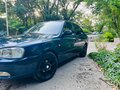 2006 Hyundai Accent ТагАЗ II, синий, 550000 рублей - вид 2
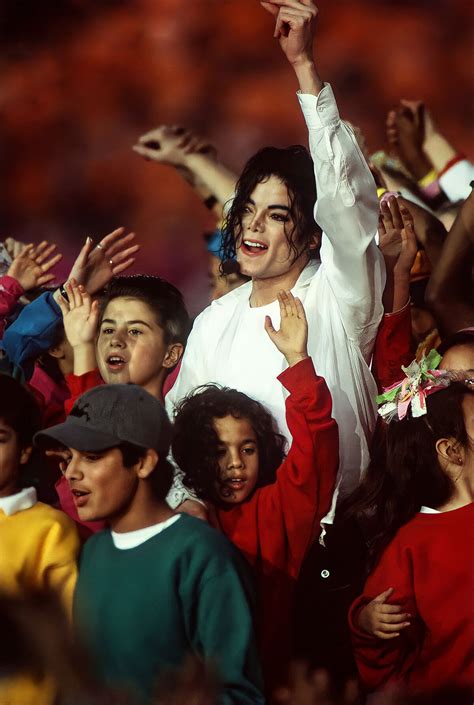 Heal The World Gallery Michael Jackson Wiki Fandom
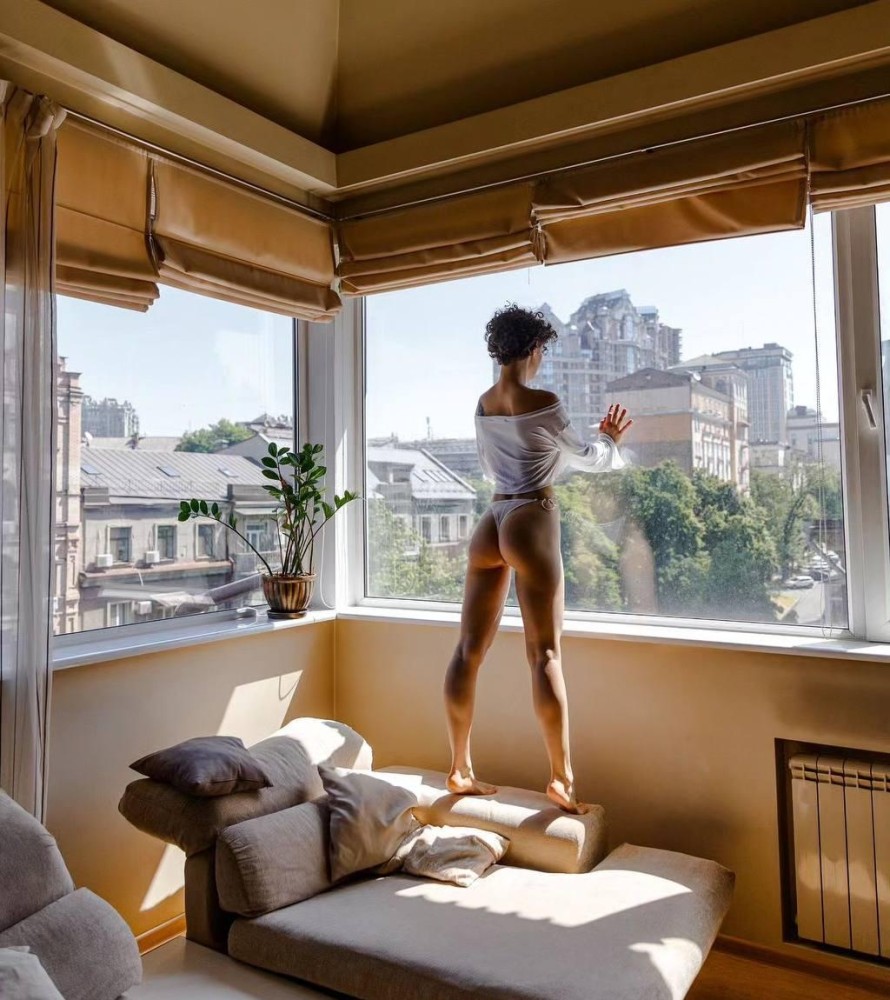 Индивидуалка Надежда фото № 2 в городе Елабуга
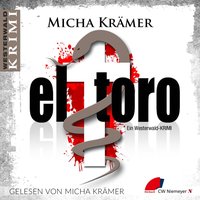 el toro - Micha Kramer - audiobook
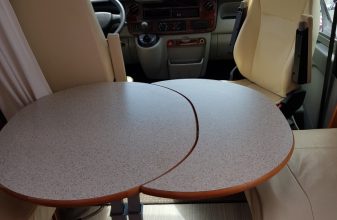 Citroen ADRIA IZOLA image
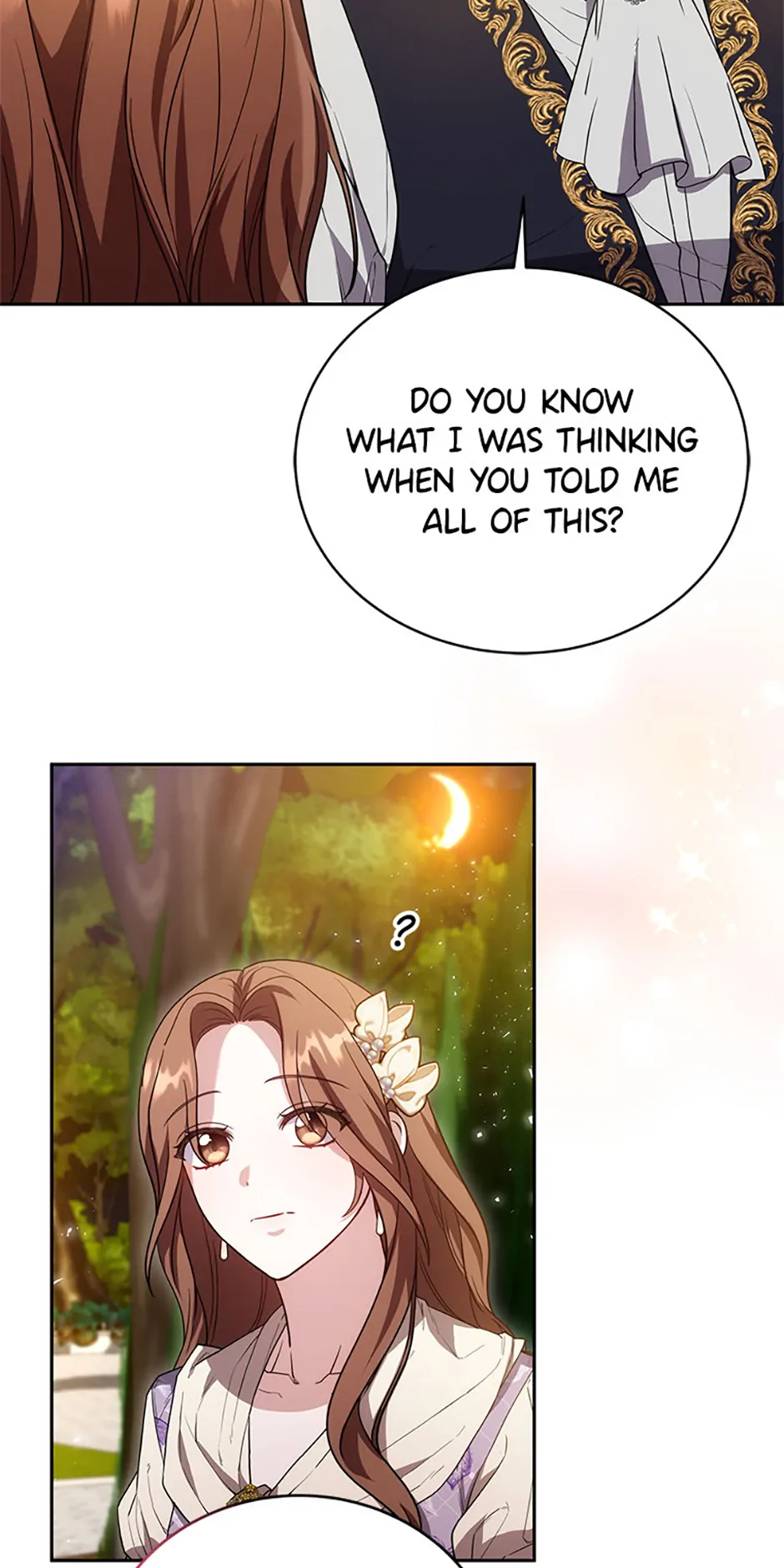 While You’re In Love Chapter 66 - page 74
--
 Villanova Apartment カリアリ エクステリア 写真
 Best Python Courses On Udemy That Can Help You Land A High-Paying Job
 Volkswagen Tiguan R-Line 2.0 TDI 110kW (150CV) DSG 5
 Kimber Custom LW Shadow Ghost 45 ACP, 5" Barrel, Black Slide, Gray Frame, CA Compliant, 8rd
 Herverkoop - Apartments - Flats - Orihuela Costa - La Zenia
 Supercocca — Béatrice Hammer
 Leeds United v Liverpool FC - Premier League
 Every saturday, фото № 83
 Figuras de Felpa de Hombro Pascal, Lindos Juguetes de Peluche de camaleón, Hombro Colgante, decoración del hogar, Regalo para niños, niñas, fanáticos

▶ **Action item**
When the line with "Every saturday, фото № 83" is reached in the data above, begin copying, and stop after the line with "Figuras de Felpa"; copy each line exactly, both ends included.

▶ **Reply**
 Every saturday, фото № 83
 Figuras de Felpa de Hombro Pascal, Lindos Juguetes de Peluche de camaleón, Hombro Colgante, decoración del hogar, Regalo para niños, niñas, fanáticos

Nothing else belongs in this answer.